▶ _Raw data_

%%

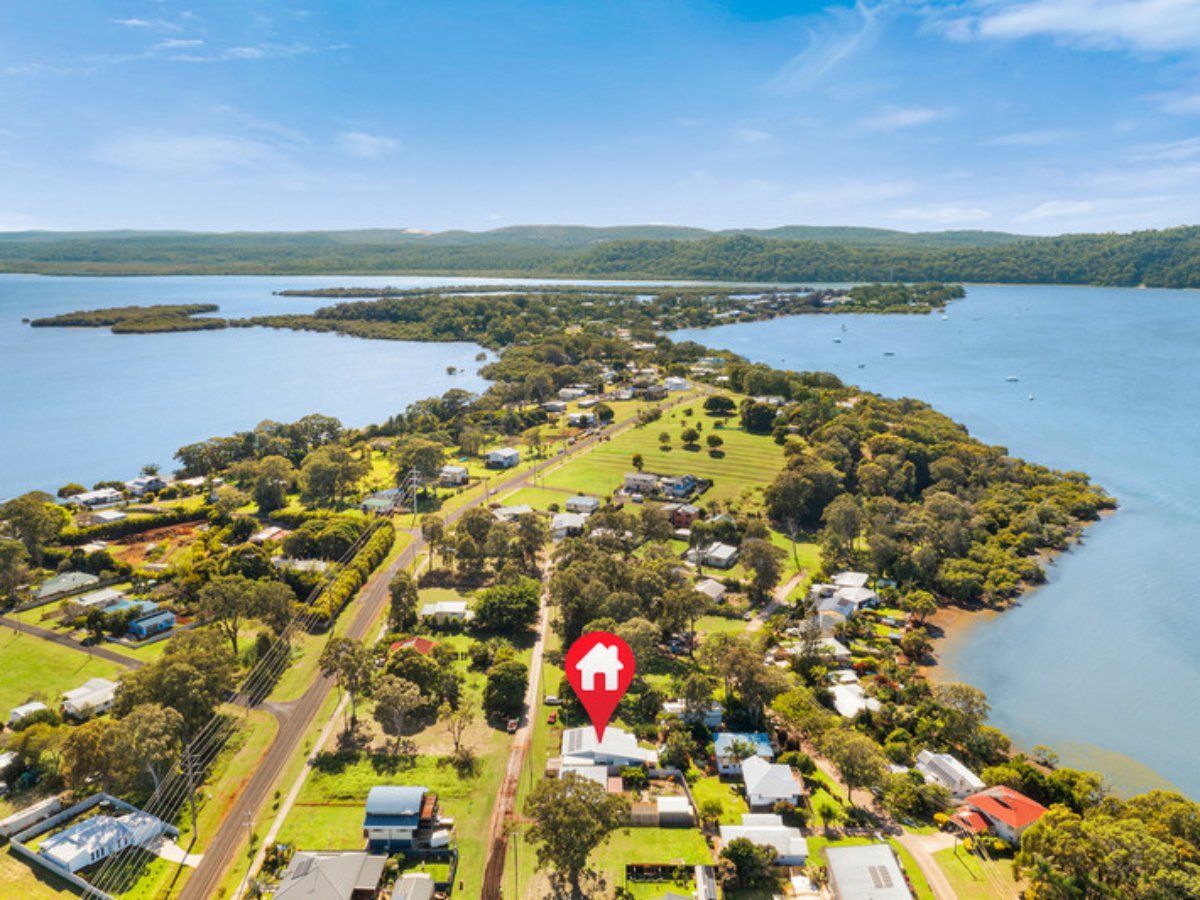 8 Zephyr Street, Russell Island QLD 4184 Domain
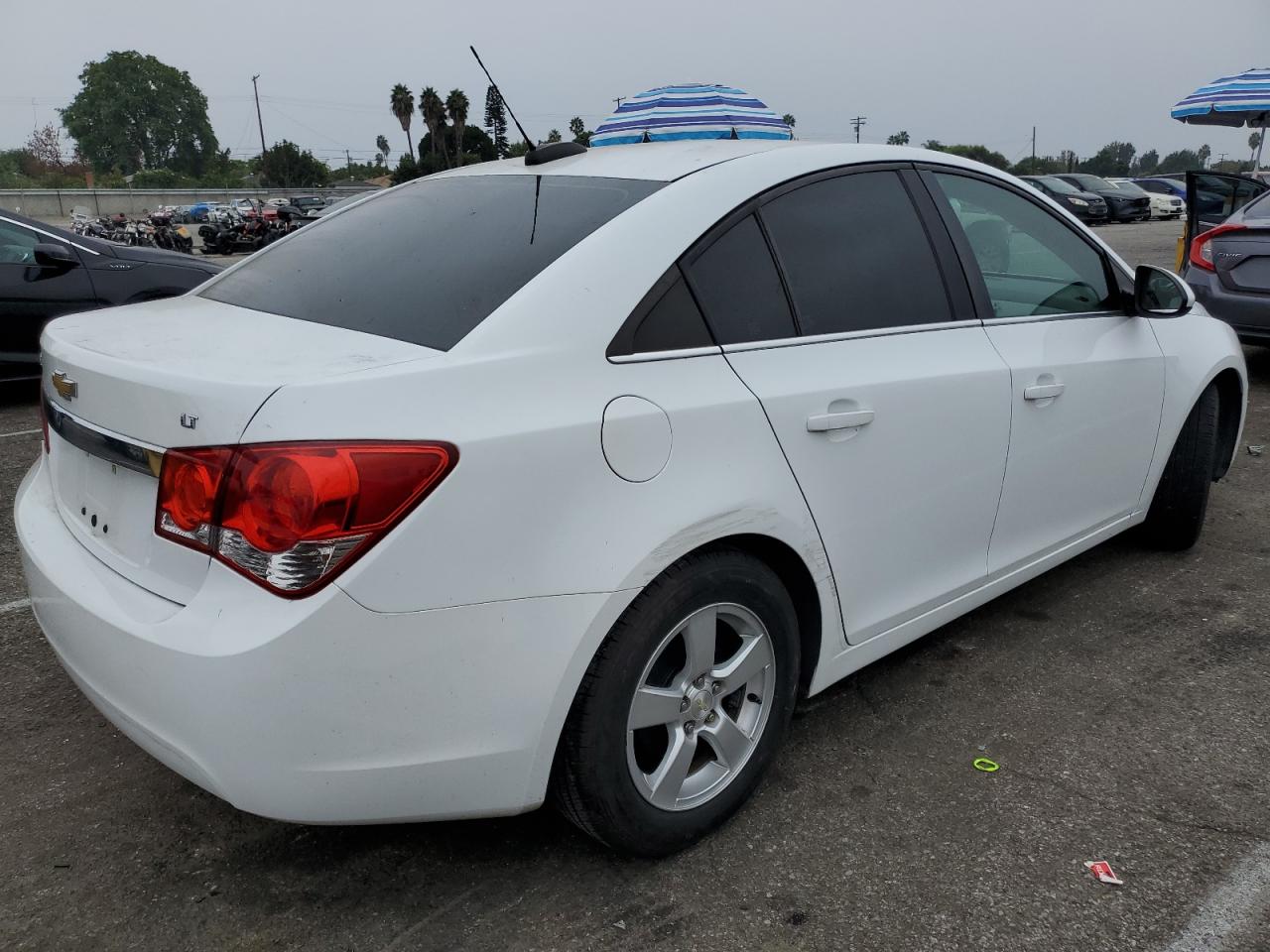 2015 Chevrolet Cruze VIN 1G1PC5SB8F7213384 Copart auction photo, front end / minor dent/scratches damage thumbnail 3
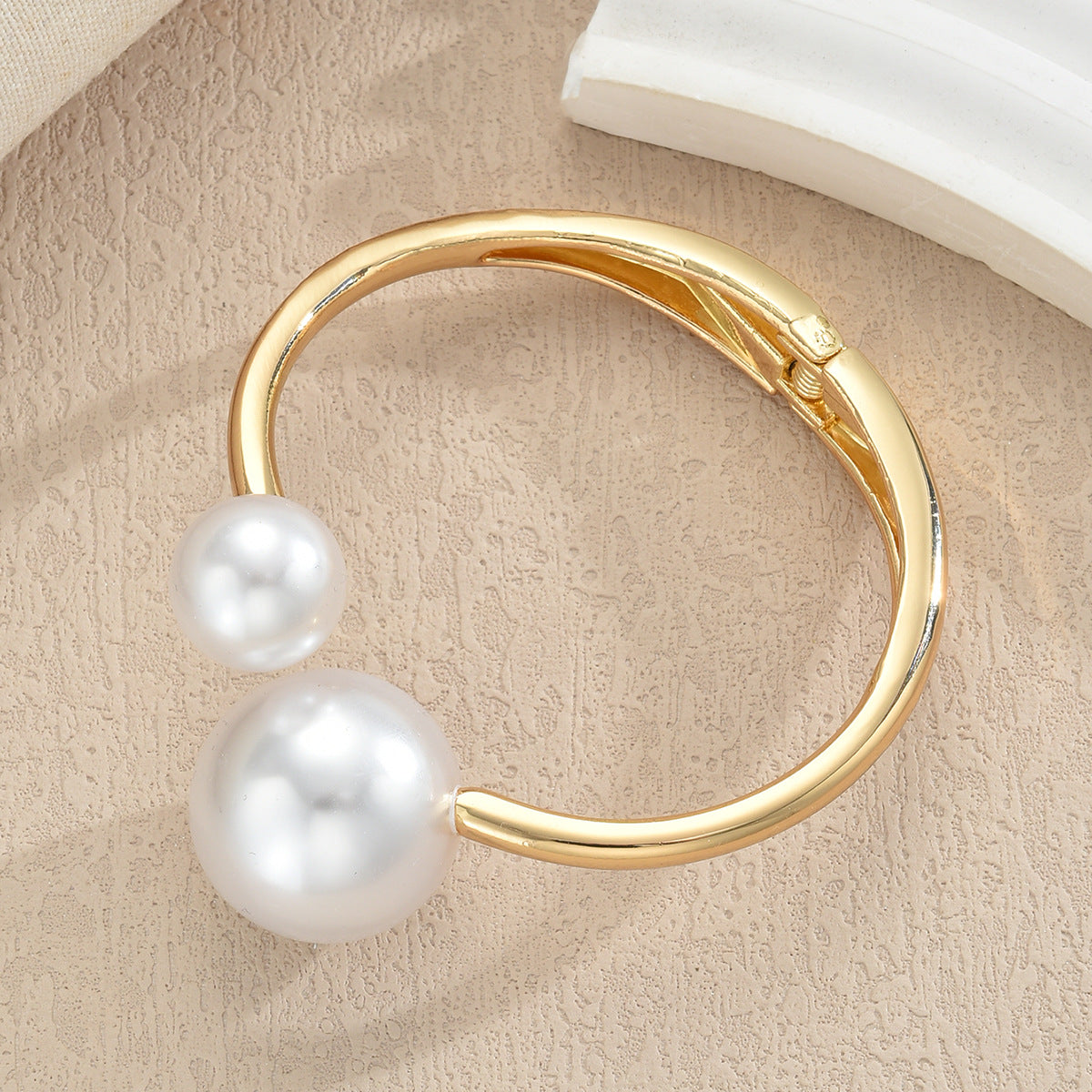 Imitation Pearl Opening Bracelet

%%

▶ _Description of the task_
Apart from the pictures, every line of the material above is to be returned word for word.

▶ _Task solution_
 8 Zephyr Street, Russell Island QLD 4184 Domain
 2015 Chevrolet Cruze VIN 1G1PC5SB8F7213384 Copart auction photo, front end / minor dent/scratches damage thumbnail 3
 Imitation Pearl Opening Bracelet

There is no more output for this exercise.